#### Brief:
Reproduce the opening lines of the records exactly, up to and including the line in which "Programming for beginners: Get" occurs.
Records for the exercise below:
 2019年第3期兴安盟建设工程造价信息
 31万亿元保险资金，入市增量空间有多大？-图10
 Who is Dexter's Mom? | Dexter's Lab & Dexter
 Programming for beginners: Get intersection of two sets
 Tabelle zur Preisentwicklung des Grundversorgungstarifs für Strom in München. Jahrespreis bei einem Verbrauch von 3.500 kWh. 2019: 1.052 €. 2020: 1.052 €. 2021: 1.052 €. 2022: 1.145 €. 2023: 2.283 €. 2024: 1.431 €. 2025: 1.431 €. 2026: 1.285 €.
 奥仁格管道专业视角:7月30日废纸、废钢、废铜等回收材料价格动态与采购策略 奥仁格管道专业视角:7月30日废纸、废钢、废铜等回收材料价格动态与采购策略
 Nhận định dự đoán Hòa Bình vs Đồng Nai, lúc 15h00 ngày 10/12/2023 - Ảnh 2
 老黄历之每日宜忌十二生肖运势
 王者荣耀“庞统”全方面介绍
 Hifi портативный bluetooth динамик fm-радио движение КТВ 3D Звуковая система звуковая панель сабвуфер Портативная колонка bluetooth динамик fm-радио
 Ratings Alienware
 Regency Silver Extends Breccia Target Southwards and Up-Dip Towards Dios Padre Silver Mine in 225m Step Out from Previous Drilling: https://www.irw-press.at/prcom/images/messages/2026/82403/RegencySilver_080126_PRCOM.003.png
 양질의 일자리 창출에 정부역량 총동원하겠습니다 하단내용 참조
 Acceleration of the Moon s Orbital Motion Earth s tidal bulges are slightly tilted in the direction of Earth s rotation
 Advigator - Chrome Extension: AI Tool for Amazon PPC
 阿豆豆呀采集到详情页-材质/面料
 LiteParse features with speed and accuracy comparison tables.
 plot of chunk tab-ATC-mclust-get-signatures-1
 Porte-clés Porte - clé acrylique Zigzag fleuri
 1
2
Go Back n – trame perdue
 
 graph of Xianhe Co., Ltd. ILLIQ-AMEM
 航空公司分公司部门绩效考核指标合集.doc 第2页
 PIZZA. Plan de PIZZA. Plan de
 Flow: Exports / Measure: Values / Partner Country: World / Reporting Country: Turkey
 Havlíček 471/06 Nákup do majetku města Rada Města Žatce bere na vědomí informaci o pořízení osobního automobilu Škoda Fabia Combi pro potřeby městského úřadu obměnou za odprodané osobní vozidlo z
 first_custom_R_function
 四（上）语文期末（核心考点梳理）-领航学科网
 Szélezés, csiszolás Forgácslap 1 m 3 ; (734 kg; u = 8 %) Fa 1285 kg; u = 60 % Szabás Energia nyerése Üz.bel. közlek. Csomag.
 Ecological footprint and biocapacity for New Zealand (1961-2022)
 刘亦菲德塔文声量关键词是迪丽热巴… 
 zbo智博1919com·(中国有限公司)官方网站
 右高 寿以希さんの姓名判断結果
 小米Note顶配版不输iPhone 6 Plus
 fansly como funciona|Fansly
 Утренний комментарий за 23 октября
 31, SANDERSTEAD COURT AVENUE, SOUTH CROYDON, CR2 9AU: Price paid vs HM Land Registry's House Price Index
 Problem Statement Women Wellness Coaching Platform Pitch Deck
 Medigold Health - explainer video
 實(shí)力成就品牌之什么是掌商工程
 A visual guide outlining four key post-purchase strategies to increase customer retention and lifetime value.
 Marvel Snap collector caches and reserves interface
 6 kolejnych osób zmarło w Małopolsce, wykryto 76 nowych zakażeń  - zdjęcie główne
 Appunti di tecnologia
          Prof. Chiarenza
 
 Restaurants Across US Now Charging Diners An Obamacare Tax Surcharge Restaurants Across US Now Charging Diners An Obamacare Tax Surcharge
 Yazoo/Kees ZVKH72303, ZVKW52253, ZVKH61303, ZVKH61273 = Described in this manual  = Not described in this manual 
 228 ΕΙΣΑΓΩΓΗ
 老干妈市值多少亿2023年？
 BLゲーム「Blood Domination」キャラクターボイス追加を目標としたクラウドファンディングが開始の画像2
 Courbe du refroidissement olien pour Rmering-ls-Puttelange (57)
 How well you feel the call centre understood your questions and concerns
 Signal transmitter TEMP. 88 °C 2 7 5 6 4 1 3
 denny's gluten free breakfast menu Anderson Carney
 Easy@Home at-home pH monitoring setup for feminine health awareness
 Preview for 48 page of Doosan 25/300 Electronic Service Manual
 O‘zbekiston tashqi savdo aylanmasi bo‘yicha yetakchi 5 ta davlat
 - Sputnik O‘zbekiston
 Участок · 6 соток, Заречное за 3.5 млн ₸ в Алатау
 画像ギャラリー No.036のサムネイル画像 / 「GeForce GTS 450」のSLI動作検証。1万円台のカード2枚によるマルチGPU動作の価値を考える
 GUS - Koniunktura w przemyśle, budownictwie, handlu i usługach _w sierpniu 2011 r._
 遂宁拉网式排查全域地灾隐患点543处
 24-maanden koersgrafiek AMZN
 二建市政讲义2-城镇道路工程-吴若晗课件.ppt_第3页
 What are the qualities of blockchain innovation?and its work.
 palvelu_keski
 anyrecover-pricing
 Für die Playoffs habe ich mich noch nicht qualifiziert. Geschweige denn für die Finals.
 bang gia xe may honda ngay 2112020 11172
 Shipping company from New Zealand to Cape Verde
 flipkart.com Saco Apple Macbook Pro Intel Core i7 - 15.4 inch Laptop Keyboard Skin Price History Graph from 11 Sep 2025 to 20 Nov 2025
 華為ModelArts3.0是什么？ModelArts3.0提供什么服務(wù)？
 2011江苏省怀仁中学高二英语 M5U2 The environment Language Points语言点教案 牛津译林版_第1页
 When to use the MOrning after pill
End of Records for the exercise.
#### Response to this task:
 2019年第3期兴安盟建设工程造价信息
 31万亿元保险资金，入市增量空间有多大？-图10
 Who is Dexter's Mom? | Dexter's Lab & Dexter
 Programming for beginners: Get intersection of two sets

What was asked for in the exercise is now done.